Becky wasn't held long. She'd been at a dance with hundreds of witnesses. Her husband Zeke was there as well, though he'd left long enough to have been involved. Eventually, the state took Zeke and Malachi to trial on first-degree murder charges. In a Perry Mason moment, the Cheyenne housekeeper exonerated Zeke. She was having his baby and they'd been in the process of conceiving it when Abel was killed. Then Malachi broke on the stand and admitted killing his father. There were doubts about his confession, though, since he claimed Becky was his accomplice and she clearly couldn't have been. The state never learned for certain who was. Malachi got the death penalty. Ezekiel got life as an accessory. Obadiah was never found. Becky came back to Kansas. Tommie followed, and cleared himself with the local sheriff. Someone else's fingerprints were on the murder weapon.

Doc wasn't sure what it all meant. Louis Henry Silverstein, Guardian of the Words, must not have been sure either, but he'd been looking into it. Apparently, he'd been worried someone might discover his research. Why else hide the envelope in a cook book among children's literature on the reserve cart?

The appearance of Ezekiel Hornbaker at the Irons farm, accompanied by a Cheyenne girl enroute to Wounded Knee, had obviously intrigued the newspaperman. And one of those old articles had talked about a ring being stolen from Abel Hornbaker's finger. With it, actually, since the ring hadn't slipped off easily. It was evidently Mary's magic ring.

Englishman needed to know all this. Maybe Mad Dog, too. And Doc felt the need to ponder it, sort through all the possible Hornbakers and Ironses and work out who the guy with the broken nose was in the ID Mad Dog had found, and in the picture in the old
Times
.

There were three other interesting documents in the envelope, and no explanation how they'd gotten there. One was a list of the items Abel Hornbaker had been offering for sale. His suggested prices were phenomenal, but no more so than the items themselves. Doc had only thumbed through a few pages, but Abel Hornbaker claimed to be able to deliver pieces of the true cross, the authentic bones of saints, an original letter written by Saul of Tarsus, and an autographed presentation copy of
Mein Kampf
. Authenticity was guaranteed. Verification of provenance would be supplied to the successful bidder.

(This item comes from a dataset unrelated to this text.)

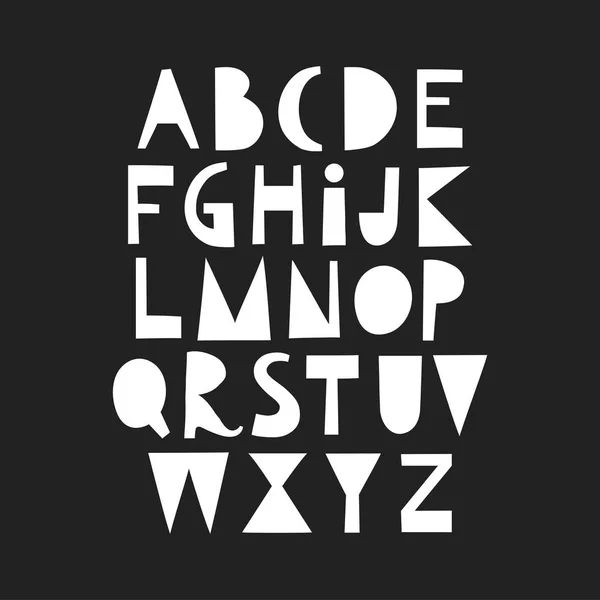 Векторный прописной алфавит на черном фоне — стоковый вектор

It was hard to believe, harder still considering the contents of a letter on Abel Hornbaker's stationery. Above his signature was a statement declaring his satisfaction with one order, and a request for additional stock. The merchandise referred to was scalps. Hornbaker acknowledged receiving two wavy brunettes, one Negro, and four with long, straight, black hair. He requested half a dozen blonds, and a dozen in a miscellaneous assortment of other racial types. The letter was addressed to a taxidermist in Kansas City. The scalp of Estevan the Moor (the first “European” to visit the mythic cities of Cibola) included on Hornbaker's list was more likely a scrap of buffalo hide or the like.

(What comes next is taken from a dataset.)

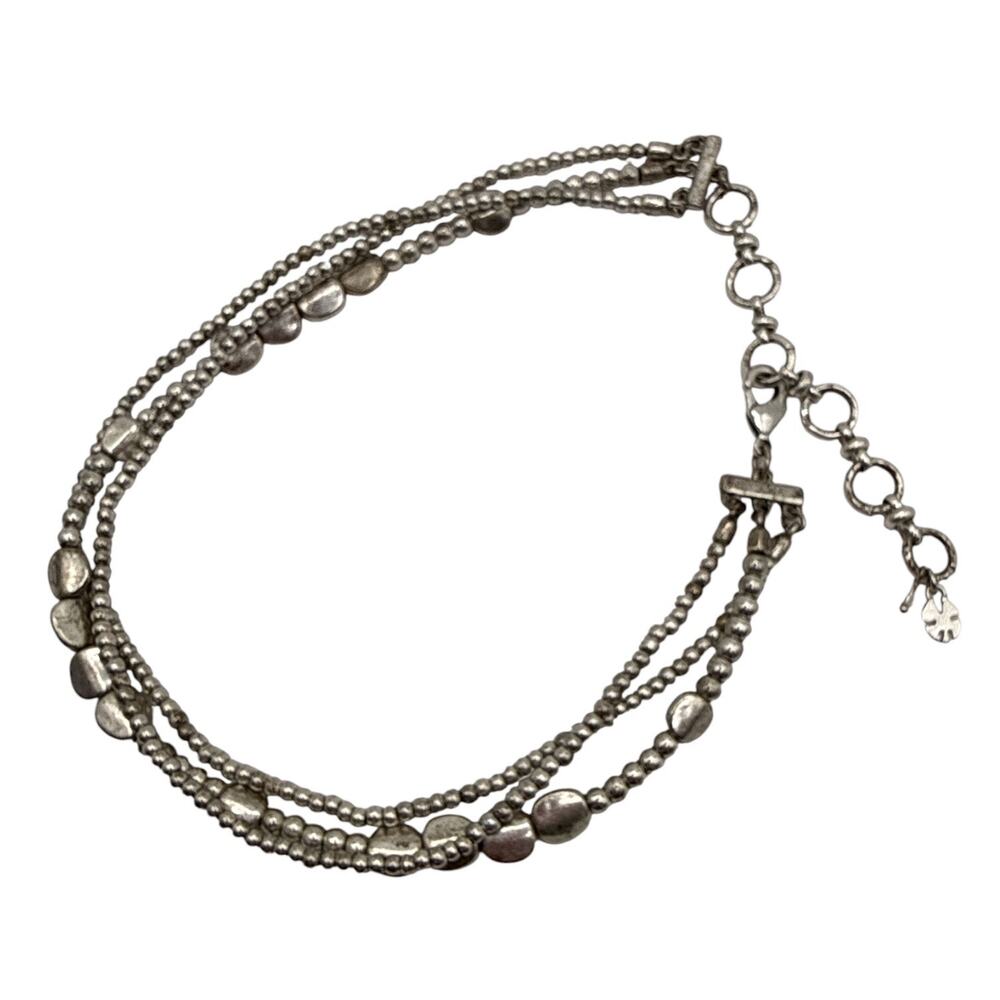 Lucky Brand Silver-Tone Multi-Strand Beaded Necklace 12” - 15” - Picture 3 of 4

Finally, there was an inquiry from a collector in Argentina. As someone who claimed to trace his descent from Mary Magdalen, its author was willing to pay Hornbaker's price. But before parting with a million dollars, he wished to send his own expert to verify authenticity. The letter was dated 1956, when one million dollars was a far more staggering sum than it was today. It made Doc especially curious about what had been for sale.

Outside the Buick, the wind was worse than he'd imagined. Mary had the resilience of the young, but neither of them was up to six blocks into the face of intolerable fury. Doc explored the offerings in the used car lot down the street. He had the keys to the office, and, therefore, to all the vehicles on the lot. He had permission to borrow any of them whenever he wanted as well, thanks to a long past-due loan to “Honest But Ugly Fred,” the proprietor. Fred had lots of light pickups and several sedans, and not a four-wheel drive among them. Doc and Mary pushed on.